### [WHAT TO PRODUCE]
Give back exactly the lines of the entries below from the line with "Imagen de portada para A Silent Fury" to the line with "Trelines LED Climbing Rope Swing 1.83m", inclusive, and only those.

----- STUDY MATERIAL

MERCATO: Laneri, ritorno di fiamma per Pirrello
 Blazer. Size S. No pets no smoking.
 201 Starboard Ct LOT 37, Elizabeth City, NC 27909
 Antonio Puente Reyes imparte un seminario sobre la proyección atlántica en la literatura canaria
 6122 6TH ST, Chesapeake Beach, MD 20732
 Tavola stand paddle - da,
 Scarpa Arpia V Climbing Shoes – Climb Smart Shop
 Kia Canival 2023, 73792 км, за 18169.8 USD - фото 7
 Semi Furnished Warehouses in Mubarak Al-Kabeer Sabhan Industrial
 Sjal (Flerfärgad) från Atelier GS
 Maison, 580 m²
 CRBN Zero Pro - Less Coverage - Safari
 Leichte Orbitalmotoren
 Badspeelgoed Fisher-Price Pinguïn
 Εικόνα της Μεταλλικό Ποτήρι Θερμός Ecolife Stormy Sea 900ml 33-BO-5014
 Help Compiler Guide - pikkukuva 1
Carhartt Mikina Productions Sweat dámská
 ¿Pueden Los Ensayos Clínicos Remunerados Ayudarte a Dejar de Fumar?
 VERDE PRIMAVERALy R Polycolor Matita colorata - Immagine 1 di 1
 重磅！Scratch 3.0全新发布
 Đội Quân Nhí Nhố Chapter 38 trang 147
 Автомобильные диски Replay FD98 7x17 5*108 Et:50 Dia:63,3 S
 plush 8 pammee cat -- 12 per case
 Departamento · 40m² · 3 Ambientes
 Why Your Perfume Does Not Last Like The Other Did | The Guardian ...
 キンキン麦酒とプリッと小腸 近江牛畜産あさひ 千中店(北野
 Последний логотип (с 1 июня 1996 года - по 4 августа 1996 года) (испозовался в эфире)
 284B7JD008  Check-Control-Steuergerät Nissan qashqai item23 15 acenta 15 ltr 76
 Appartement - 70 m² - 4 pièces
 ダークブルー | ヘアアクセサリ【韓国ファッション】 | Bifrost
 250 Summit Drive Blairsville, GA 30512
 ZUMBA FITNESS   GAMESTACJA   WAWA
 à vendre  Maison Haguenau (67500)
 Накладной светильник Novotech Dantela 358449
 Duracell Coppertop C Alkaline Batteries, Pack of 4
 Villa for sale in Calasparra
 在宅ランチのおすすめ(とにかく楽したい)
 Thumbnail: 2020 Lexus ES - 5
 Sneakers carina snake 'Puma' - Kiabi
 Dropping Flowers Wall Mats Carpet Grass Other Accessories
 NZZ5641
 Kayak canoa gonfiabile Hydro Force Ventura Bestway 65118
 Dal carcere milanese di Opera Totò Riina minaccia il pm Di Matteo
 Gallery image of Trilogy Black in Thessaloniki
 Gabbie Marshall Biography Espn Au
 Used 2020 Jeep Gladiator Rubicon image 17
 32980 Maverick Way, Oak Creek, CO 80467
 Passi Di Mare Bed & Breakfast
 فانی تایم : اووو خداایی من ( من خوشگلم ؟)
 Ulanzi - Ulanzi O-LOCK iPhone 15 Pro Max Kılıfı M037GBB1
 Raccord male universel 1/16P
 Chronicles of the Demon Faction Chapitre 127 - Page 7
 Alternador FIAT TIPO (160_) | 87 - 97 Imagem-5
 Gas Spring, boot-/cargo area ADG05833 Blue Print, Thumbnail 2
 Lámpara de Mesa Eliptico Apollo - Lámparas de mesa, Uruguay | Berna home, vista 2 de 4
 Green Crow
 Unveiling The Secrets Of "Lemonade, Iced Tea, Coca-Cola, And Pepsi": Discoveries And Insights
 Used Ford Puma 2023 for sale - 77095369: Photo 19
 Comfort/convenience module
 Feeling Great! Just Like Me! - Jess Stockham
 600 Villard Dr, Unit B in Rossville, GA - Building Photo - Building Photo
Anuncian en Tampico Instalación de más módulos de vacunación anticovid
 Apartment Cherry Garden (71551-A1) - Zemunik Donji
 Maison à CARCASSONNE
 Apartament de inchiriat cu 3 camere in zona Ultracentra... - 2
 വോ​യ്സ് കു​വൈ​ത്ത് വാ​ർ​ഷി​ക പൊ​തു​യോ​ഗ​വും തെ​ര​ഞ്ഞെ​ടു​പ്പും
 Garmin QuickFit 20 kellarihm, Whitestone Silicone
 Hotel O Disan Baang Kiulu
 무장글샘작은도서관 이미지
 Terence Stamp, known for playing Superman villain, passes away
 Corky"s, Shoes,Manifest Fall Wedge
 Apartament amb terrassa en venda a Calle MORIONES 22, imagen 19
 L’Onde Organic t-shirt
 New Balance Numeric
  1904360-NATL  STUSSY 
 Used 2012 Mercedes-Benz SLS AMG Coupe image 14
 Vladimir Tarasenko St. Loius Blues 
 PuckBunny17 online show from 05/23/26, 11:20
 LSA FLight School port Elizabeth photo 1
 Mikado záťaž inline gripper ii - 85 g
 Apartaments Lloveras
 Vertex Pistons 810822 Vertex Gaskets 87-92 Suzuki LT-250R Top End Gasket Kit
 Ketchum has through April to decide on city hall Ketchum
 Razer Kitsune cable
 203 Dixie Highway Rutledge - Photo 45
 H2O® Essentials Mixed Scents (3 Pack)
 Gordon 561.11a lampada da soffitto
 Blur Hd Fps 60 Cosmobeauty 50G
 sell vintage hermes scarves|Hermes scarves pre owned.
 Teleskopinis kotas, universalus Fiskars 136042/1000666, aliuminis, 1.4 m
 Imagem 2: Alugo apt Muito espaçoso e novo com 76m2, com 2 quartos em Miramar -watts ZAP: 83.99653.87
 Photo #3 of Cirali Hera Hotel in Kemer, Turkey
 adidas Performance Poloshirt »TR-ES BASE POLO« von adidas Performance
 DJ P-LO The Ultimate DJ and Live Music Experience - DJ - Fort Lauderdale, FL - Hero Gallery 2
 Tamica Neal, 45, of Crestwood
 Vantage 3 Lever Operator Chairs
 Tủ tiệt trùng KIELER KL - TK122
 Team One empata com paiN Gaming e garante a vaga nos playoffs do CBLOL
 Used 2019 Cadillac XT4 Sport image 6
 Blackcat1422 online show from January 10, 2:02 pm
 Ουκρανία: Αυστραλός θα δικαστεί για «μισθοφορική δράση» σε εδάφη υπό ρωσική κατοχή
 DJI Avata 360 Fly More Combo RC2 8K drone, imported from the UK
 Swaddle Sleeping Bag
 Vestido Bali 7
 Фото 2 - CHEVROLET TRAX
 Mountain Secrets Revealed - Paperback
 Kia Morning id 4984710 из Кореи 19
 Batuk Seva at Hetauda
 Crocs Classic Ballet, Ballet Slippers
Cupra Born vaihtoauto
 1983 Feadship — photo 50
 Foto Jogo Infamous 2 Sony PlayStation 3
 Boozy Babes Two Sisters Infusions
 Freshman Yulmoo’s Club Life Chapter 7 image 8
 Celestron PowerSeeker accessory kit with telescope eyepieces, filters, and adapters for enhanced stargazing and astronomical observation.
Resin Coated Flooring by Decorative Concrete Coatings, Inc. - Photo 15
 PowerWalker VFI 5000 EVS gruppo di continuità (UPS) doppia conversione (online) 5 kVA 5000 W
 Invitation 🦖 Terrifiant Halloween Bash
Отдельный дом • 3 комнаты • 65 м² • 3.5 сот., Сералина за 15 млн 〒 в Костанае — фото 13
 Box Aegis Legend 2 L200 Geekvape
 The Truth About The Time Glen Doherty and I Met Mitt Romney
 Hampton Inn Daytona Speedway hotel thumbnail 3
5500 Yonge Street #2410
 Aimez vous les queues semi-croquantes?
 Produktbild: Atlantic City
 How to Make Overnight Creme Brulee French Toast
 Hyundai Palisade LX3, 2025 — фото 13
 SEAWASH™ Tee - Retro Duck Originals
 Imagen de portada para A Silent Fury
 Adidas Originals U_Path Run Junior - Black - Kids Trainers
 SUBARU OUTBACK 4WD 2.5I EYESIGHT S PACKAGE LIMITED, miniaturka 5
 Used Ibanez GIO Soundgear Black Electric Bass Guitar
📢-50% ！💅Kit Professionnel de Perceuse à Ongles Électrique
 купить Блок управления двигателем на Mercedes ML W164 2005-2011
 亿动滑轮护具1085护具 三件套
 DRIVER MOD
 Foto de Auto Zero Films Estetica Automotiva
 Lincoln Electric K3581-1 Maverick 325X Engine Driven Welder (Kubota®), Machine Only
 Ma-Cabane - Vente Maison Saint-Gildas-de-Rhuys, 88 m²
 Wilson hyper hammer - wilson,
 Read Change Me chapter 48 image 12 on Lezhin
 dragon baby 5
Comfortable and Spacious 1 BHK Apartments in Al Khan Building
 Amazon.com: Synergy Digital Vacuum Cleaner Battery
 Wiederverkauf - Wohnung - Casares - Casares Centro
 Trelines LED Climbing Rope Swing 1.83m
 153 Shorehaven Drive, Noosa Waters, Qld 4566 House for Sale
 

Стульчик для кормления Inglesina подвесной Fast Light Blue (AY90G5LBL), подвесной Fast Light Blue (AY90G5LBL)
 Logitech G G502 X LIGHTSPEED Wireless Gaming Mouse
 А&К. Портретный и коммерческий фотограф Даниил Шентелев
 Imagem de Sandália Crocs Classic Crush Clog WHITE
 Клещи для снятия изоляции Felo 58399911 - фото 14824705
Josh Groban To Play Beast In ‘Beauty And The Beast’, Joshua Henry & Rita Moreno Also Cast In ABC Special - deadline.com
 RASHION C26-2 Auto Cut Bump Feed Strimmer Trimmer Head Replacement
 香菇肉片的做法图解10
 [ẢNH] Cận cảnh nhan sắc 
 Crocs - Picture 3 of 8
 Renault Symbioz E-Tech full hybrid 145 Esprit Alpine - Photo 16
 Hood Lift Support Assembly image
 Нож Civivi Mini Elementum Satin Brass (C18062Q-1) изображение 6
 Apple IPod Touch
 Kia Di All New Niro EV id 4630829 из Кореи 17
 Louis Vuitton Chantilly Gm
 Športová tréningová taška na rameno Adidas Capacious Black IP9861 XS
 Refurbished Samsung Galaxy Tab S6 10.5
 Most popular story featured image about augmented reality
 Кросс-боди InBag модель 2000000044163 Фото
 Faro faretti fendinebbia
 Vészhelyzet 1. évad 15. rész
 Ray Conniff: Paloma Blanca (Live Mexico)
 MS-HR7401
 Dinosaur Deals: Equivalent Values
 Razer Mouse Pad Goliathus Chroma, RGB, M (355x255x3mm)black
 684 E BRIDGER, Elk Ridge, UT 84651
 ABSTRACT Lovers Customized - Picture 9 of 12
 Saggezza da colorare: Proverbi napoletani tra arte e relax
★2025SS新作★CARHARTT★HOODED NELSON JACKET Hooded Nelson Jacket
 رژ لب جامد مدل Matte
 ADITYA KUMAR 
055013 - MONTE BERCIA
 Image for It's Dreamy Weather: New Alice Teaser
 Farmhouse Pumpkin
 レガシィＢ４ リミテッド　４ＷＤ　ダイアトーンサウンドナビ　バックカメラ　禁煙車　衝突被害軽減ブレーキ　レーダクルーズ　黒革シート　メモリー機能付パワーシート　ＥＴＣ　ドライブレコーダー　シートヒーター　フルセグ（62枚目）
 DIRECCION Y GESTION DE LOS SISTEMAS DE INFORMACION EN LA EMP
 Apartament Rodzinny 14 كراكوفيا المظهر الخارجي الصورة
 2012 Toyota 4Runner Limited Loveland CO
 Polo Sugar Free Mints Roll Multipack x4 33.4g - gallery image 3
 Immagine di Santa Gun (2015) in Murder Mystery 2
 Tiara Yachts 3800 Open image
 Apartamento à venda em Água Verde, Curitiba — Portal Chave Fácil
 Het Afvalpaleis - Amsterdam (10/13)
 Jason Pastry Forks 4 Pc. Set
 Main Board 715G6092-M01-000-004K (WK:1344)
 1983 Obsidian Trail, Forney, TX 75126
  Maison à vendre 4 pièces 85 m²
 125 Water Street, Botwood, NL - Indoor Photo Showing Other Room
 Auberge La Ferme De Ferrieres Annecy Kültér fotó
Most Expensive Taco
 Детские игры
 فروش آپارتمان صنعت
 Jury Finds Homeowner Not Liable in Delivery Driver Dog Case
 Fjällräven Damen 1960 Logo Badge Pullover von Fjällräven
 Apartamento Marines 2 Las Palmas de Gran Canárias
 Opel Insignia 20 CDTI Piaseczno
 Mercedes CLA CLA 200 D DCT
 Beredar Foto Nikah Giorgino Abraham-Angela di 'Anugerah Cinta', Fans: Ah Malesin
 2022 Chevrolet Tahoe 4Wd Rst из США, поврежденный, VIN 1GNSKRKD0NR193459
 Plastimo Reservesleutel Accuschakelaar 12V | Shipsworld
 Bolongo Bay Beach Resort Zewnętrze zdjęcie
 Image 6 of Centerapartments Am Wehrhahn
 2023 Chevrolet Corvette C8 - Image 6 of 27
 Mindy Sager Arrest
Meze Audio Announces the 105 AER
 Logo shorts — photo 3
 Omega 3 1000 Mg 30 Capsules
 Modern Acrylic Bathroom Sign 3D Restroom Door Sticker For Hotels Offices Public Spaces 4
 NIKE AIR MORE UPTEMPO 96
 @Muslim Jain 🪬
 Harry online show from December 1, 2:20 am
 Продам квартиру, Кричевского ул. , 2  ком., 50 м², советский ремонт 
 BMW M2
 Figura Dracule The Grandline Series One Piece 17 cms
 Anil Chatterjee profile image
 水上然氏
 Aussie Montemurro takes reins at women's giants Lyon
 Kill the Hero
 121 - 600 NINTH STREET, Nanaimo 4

----------

### [TASK ANSWER]
 Imagen de portada para A Silent Fury
 Adidas Originals U_Path Run Junior - Black - Kids Trainers
 SUBARU OUTBACK 4WD 2.5I EYESIGHT S PACKAGE LIMITED, miniaturka 5
 Used Ibanez GIO Soundgear Black Electric Bass Guitar
📢-50% ！💅Kit Professionnel de Perceuse à Ongles Électrique
 купить Блок управления двигателем на Mercedes ML W164 2005-2011
 亿动滑轮护具1085护具 三件套
 DRIVER MOD
 Foto de Auto Zero Films Estetica Automotiva
 Lincoln Electric K3581-1 Maverick 325X Engine Driven Welder (Kubota®), Machine Only
 Ma-Cabane - Vente Maison Saint-Gildas-de-Rhuys, 88 m²
 Wilson hyper hammer - wilson,
 Read Change Me chapter 48 image 12 on Lezhin
 dragon baby 5
Comfortable and Spacious 1 BHK Apartments in Al Khan Building
 Amazon.com: Synergy Digital Vacuum Cleaner Battery
 Wiederverkauf - Wohnung - Casares - Casares Centro
 Trelines LED Climbing Rope Swing 1.83m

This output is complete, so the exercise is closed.